Items from a data source -
-*-

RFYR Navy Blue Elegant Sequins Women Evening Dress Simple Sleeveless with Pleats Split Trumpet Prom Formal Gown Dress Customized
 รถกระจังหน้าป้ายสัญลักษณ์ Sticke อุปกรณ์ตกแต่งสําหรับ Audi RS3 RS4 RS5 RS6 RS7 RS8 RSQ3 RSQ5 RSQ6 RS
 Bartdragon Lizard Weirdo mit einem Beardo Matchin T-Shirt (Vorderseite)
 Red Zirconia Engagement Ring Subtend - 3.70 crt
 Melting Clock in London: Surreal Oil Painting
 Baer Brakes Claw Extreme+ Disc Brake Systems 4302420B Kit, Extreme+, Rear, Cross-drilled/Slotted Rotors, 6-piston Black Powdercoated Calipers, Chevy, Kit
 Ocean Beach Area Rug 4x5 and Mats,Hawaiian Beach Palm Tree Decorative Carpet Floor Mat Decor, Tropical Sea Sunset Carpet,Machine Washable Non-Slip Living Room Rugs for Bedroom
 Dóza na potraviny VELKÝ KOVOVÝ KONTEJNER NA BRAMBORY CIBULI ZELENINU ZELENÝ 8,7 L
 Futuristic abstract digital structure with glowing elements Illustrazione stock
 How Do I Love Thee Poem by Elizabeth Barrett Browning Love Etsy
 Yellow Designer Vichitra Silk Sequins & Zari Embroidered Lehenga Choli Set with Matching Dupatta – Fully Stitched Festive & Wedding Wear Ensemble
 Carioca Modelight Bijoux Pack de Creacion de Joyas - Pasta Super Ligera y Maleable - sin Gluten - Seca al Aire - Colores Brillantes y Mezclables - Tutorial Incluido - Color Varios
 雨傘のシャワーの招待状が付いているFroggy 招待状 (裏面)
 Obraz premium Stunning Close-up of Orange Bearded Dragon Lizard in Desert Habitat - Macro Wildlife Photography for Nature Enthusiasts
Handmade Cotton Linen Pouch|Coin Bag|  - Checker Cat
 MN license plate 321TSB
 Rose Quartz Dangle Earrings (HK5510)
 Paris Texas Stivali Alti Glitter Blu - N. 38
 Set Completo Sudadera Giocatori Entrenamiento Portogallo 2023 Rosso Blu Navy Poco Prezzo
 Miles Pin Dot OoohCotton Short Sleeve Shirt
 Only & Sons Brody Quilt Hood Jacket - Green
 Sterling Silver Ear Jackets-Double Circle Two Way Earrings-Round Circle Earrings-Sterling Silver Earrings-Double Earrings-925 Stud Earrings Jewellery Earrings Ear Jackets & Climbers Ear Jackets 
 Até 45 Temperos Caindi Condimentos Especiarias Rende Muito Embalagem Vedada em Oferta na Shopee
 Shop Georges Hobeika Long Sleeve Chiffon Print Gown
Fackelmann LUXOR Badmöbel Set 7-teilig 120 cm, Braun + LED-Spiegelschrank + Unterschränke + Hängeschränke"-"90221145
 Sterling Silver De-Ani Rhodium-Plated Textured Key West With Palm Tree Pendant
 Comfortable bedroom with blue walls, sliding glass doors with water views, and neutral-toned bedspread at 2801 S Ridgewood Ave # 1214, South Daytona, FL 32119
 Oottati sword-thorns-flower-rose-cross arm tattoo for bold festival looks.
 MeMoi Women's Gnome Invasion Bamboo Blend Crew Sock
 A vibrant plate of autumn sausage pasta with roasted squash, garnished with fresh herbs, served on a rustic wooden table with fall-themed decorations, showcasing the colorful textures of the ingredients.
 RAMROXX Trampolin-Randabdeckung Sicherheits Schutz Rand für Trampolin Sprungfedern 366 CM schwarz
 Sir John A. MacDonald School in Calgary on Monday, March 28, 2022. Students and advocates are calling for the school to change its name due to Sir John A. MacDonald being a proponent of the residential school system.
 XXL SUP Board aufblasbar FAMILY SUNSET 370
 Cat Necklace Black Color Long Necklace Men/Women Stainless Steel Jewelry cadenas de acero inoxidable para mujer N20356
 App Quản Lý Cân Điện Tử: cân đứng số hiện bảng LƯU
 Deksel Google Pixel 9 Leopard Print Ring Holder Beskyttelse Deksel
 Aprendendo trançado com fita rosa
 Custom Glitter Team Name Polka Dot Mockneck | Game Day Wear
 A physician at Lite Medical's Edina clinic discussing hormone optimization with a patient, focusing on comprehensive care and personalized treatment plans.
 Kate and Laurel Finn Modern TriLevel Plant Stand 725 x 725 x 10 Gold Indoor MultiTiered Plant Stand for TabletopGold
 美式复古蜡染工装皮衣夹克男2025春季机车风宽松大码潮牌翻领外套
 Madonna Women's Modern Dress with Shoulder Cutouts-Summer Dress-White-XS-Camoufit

-*-

What the task requires -
Your answer must consist only of the lines from the start of the records above through the line with "Melting Clock in", each retyped exactly.

Written answer -
RFYR Navy Blue Elegant Sequins Women Evening Dress Simple Sleeveless with Pleats Split Trumpet Prom Formal Gown Dress Customized
 รถกระจังหน้าป้ายสัญลักษณ์ Sticke อุปกรณ์ตกแต่งสําหรับ Audi RS3 RS4 RS5 RS6 RS7 RS8 RSQ3 RSQ5 RSQ6 RS
 Bartdragon Lizard Weirdo mit einem Beardo Matchin T-Shirt (Vorderseite)
 Red Zirconia Engagement Ring Subtend - 3.70 crt
 Melting Clock in London: Surreal Oil Painting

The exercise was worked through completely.